[ENTRIES PROVIDED Boundary: Start]

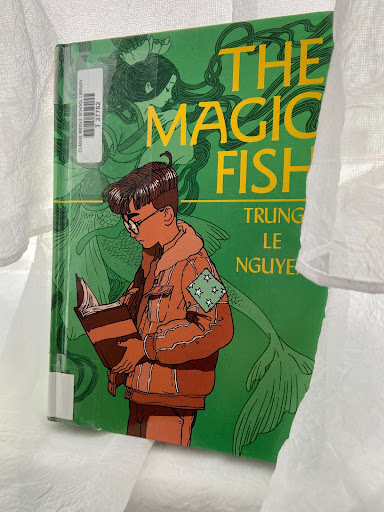 Set in the 1990s, The Magic Fish tells the story of 13-year old Tiến, an American-Vietnamese boy, struggling to come out to his parents as gay. Copy of book from Clague Middle School Library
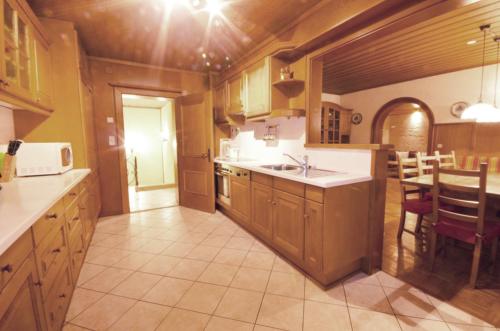 a kitchen with a sink and a table in a room at Chalet Lake View - Pinzgau Holidays in Zell am See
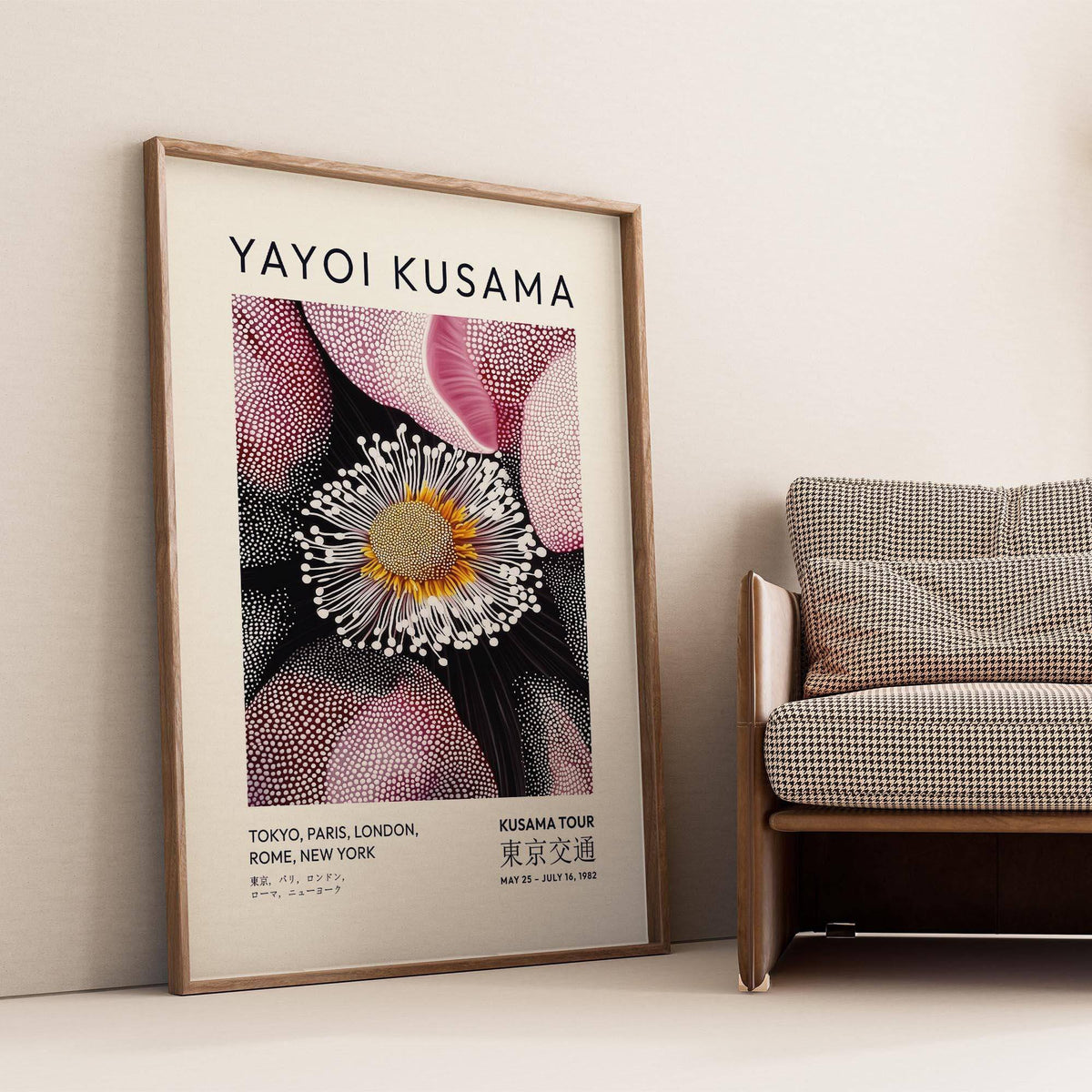 Pictures Living Room Wall leaning print of an abstract flower bloom with pink and black beside a checked sofa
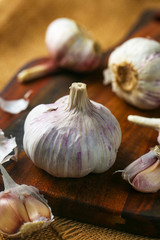 Garlic on vintage wooden board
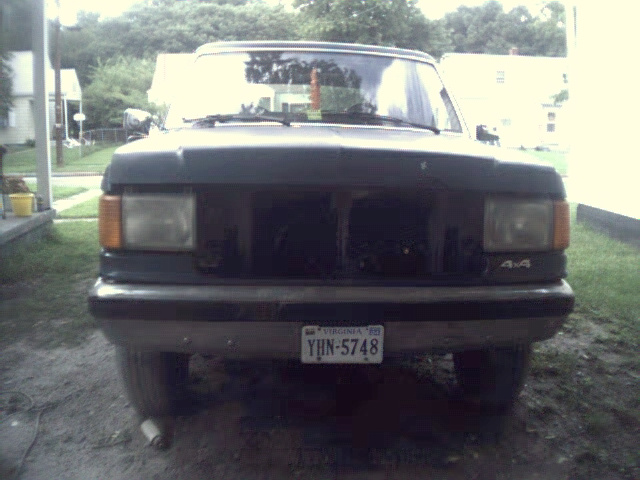 Dark SUV with missing grille, front view. License plate reads YHN-5748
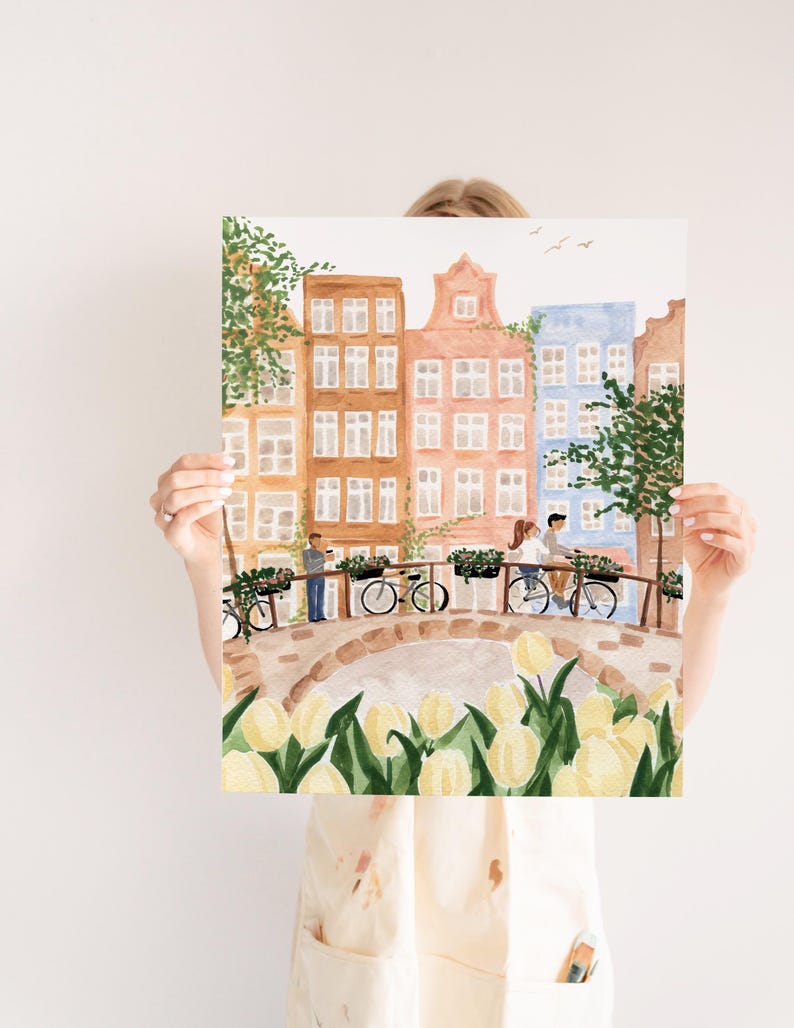 May include: A watercolour art print depicting a canal scene with tall, narrow buildings in shades of brown, peach, and blue. A stone bridge features people on bicycles and a person standing, with yellow tulips in the foreground and green trees.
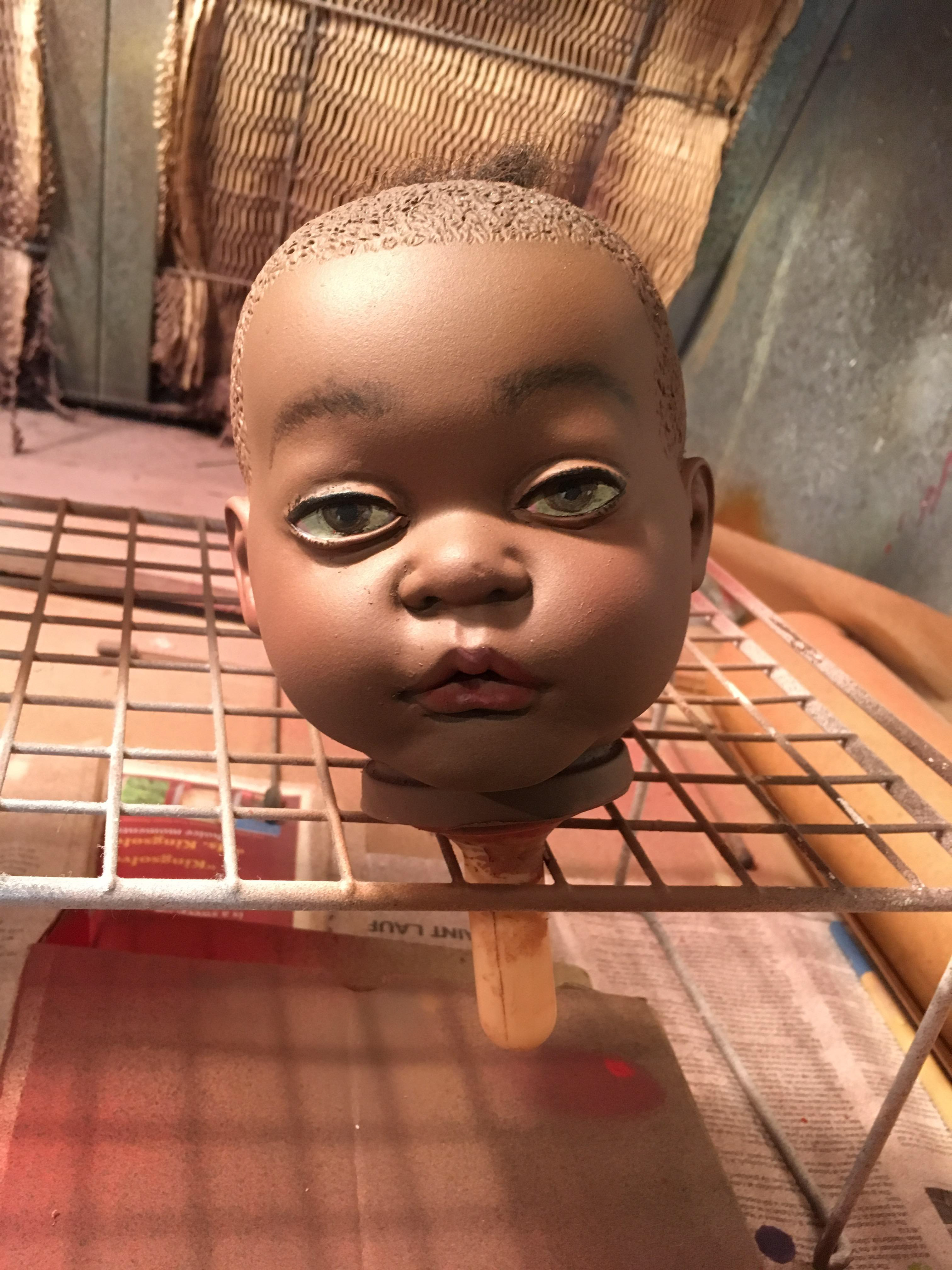 Adding facial details.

[ENTRIES PROVIDED Boundary: End]

WORK ORDER: Only the lines above from the one containing "a kitchen with" through the one containing "Garlic on vintage wooden board" should be returned, verbatim and inclusive, with pictures excluded.

WORKED SOLUTION:
 a kitchen with a sink and a table in a room at Chalet Lake View - Pinzgau Holidays in Zell am See
 Pictures Living Room Wall leaning print of an abstract flower bloom with pink and black beside a checked sofa
 Garlic on vintage wooden board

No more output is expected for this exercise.